Ora, apesar da vasta documentação textual e material, o calcanhar de Aquiles da tese de Kerényi está justamente na suposição de que haja um núcleo atemporal, porque essencial, do culto de Dioniso. Com exceção da pincelada final (a passagem de "zoé" para "bíos" no dionisismo tardo-romano), é como se mito e rito se preservassem como entidades localizadas fora da história -quando é de cerca de 2 mil anos que se trata! Trata-se de um viés que acaba por opor, de um modo geral, a "ciência da religião" à "história da religião", envolvendo-as em debates muitas vezes acalorados. É que questões metodológicas ganham o primeiro posto sobretudo num campo como o das religiões gregas, sem textos sagrados, em que a transmissão oral, cuidadosamente reservada a iniciados, tem um papel absolutamente central.
A isso se soma o envolvimento do estudioso com seu objeto. Menezes chama a atenção para o fato de que Kerényi, na linha de Otto, aborda o dionisismo da perspectiva de "experiências numinosas" capazes de serem potencializadas "aqui e agora". Aliás, Trabulsi não tem dúvidas em classificar Nietzsche, Otto e Kerényi como "apóstolos" modernos do dionisismo, dedicados a buscar, "na Antiguidade, modelos para a nossa vida que, afinal, enquanto vida humana, seria sempre a mesma".

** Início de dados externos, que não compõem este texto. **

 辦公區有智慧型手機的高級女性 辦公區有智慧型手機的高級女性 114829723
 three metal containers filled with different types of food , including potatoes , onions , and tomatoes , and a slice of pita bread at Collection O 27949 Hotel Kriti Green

Impõe-se assim a questão: a história destruiria a ciência da religião? Uma resposta em termos de 8 ou 80 não parece a mais adequada, embora não haja dúvida de que a história da religião precisa ser tomada como provocação para a ciência da religião, em que o perigo de sucumbir à tentação do essencial parece maior que em outras áreas das ciências humanas (e não divinas!).
Ora, esse debate só faz aumentar o interesse do Dioniso de Kerényi, que não tem nada de aplicação canhestra de modelos estereotipados (nem mesmo junguianos, na linha do que fez, entre nós, Junito Brandão). Afinal, dos deuses antigos nenhum teve tantos "fiéis" nos últimos tempos, do que é prova eloquente o sepulcro de Freud, esse ícone do século 20, no Golder's Green, em Londres, onde o Dioniso, assentado ao lado da urna, segura o tirso e o cântaro.
Talvez, portanto, o mais importante fosse perguntar não o que a ciência e a história da religião acrescentaram a nosso conhecimento do Dioniso antigo, mas o que o antigo Dioniso acrescenta a nossa compreensão do contemporâneo, a partir dos usos (quiçá abusos) de seu nome. Se, do ponto de vista da erudição clássica, a obra de Kerényi é referencial (continuando a fundamentar trabalhos como os de Walter Burkert), mais importante se torna como um esforço bem-sucedido em provocar, para um século que conheceu todos os tipos de matança, numa escala nunca vista, a epifania de um deus que nos conforta, em suma, com a indestrutibilidade da vida.

Jacyntho Lins Brandão é professor da UFMG e autor de "A Poética do Hipocentauro" (UFMG).